Rzecz jednak w tym, że trzeci lockdown przesądził, iż zamykanie centrów handlowych przez państwo ze względów sanitarnych nie okazało się (jak myśleliśmy wiosną 2020) zdarzeniem nadzwyczajnym i jednorazowym. I wolno przypuszczać, że może się powtarzać w przyszłości. Możliwe bowiem, że covid-19 dopiero otworzył, a nie zamknął, epokę wielkich epidemii. Tymczasem model handlu, jaki przyjęliśmy w wolnej Polsce, w znacznym stopniu opiera się właśnie na wielkich centrach, które stały się symbolem nowoczesności. Jednak ich kolosalne społeczne powodzenie stało się dziś ich największym ryzykiem. Jako naród tak bardzo pokochaliśmy centra handlowe, że (obok stadionów piłkarskich) stały się one miejscami najbardziej masowych zgromadzeń ludzi, odwiedzających je bynajmniej nie tylko w celach zakupowych. W czasach zarazy stadiony i galerie stały się więc pierwszymi celami restrykcji sanitarnych. I dziś można się zastanawiać, czy nie lepiej byśmy zrobili, gdybyśmy zwłaszcza w polskich miastach restytuowali tradycję ulic handlowych, przy których rozlokowane są „lepsze” sklepy. Takich jak stara warszawska Chmielna czy krakowska Floriańska.
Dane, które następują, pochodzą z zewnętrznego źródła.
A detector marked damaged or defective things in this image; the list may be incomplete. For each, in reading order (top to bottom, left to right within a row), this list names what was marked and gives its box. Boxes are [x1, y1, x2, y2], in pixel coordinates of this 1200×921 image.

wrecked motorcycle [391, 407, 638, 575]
Po trzecim lockdownie nie ma wątpliwości, że wielu handlowców wynajmujących sklepy w galeriach musi dziś myśleć o przeniesieniu się „na miasto”. A wkrótce zapewne będą tacy, którzy takie zamiary przyobleką w czyn.
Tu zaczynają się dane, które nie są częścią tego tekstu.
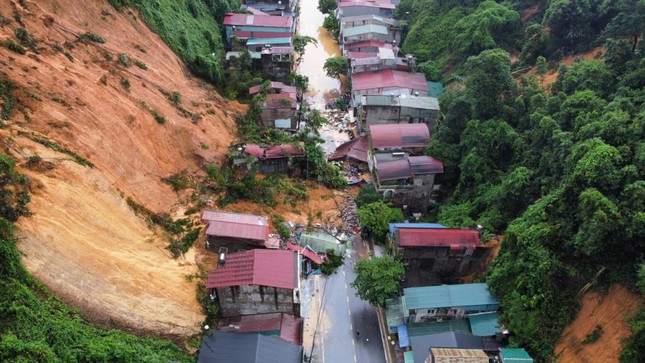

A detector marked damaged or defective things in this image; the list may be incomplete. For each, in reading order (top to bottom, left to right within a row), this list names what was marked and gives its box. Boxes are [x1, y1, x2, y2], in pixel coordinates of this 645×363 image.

rusty metal roof [352, 69, 428, 92]
rusty metal roof [370, 123, 430, 149]
rusty metal roof [204, 210, 270, 242]
rusty metal roof [394, 229, 480, 252]
rusty metal roof [288, 243, 324, 266]
rusty metal roof [206, 250, 296, 290]
rusty metal roof [219, 312, 304, 346]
Kryzys ma zawsze to do siebie, że uderzając w jednych, innym daje niepowtarzalną szansę na rozwój. Niepełne jeszcze dane wskazują, że rynek paczkowo-kurierski mógł urosnąć w Polsce w ciągu mijającego roku nawet o połowę (wcześniej rósł w tempie ok. 20% rocznie). Zaś część sklepów internetowych nie była przygotowana na taki wzrost zamówień, z jakim e-handel zetknął się w szczycie bożonarodzeniowym. Stąd opóźnienia, biorące się z przewlekłości kompletowania zamówień. Trzeba mieć świadomość tego, iż kurierzy i pocztowcy – to dziś nowa postać subiektów i ekspedientek (jak mawiano dawniej), czyli gwałtownie rosnąca grupa pracowników obsługujących klientów na elektronicznych zakupach. Galeryjny model handlu staje właśnie pod znakiem zapytania, przez co handlowcy z wielkich centrów skazani są na myślenie o jakimś przeformułowaniu swojego biznesu. W tym samym czasie ci spośród handlowców, którzy już wcześniej zdecydowali się rozwinąć sprzedaż internetową, dziś muszą uporać się z kłopotami tak szybkiego wzrostu, jakiego nie można było przewidzieć choćby jeszcze rok temu. Wszystko to potwierdza starą prawdę, że w biznesie nigdy nie da się spocząć na laurach, lecz trzeba w każdej chwili liczyć się z naglącą koniecznością dostosowania się do zjawisk nowych i nieprzewidywalnych.